Using a Goodness Measurement for Domain Adaptation: A Case Study on Chinese Word Segmentation

Yan Song, Fei Xia


Abstract
Domain adaptation is an important topic for natural language processing. There has been extensive research on the topic and various methods have been explored, including training data selection, model combination, semi-supervised learning. In this study, we propose to use a goodness measure, namely, description length gain (DLG), for domain adaptation for Chinese word segmentation. We demonstrate that DLG can help domain adaptation in two ways: as additional features for supervised segmenters to improve system performance, and also as a similarity measure for selecting training data to better match a test set.
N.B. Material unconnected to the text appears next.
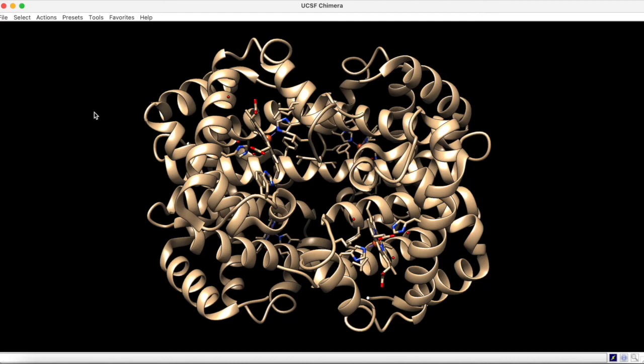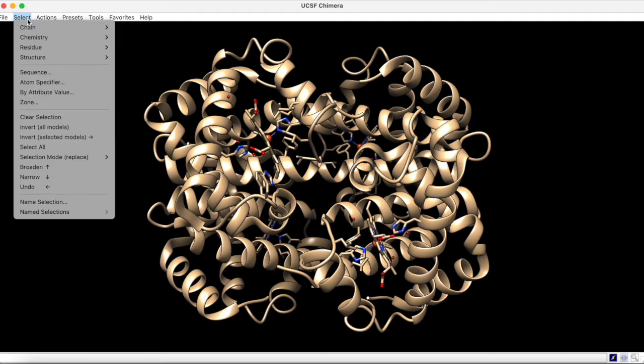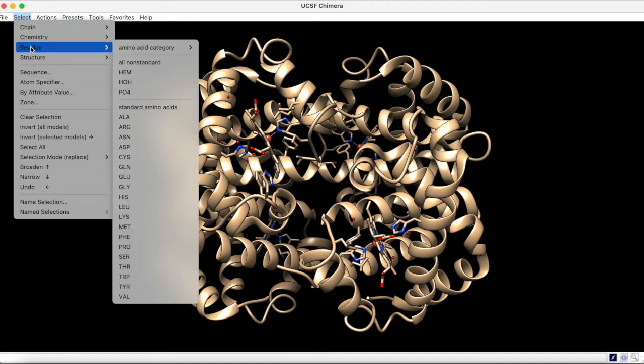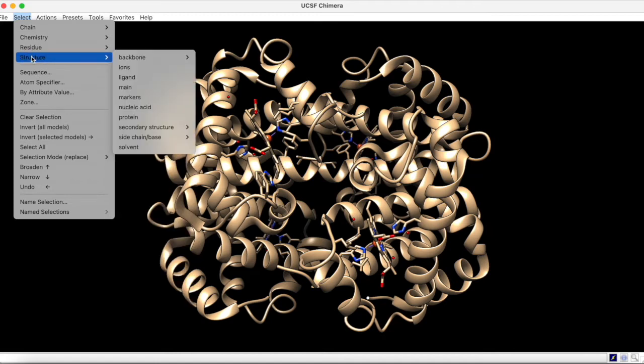One of the most important functions to understand when using Chimera is selections. Under the Select menu, you can select parts of the protein according to chain ID, specific chemistries, residue type, and other structural features.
We evaluated our systems on the Chinese Penn Treebank version 7.0, which has 1.2 million words from five different genres, and the Chinese Word Segmentation Bakeoff-3 data.
Anthology ID:
L12-1580
Volume:
Proceedings of the Eighth International Conference on Language Resources and Evaluation (LREC'12)
Month:
May
Year:
2012
Address:
Istanbul, Turkey
Venue:
LREC
SIG:
Publisher:
European Language Resources Association (ELRA)
Note:
Pages:
3853–3860
Language:
URL:
http://www.lrec-conf.org/proceedings/lrec2012/pdf/973_Paper.pdf
DOI:
Bibkey:
Cite (ACL):
Yan Song and Fei Xia. 2012. Using a Goodness Measurement for Domain Adaptation: A Case Study on Chinese Word Segmentation. In Proceedings of the Eighth International Conference on Language Resources and Evaluation (LREC'12), pages 3853–3860, Istanbul, Turkey. European Language Resources Association (ELRA).
Cite (Informal):
Using a Goodness Measurement for Domain Adaptation: A Case Study on Chinese Word Segmentation (Song & Xia, LREC 2012)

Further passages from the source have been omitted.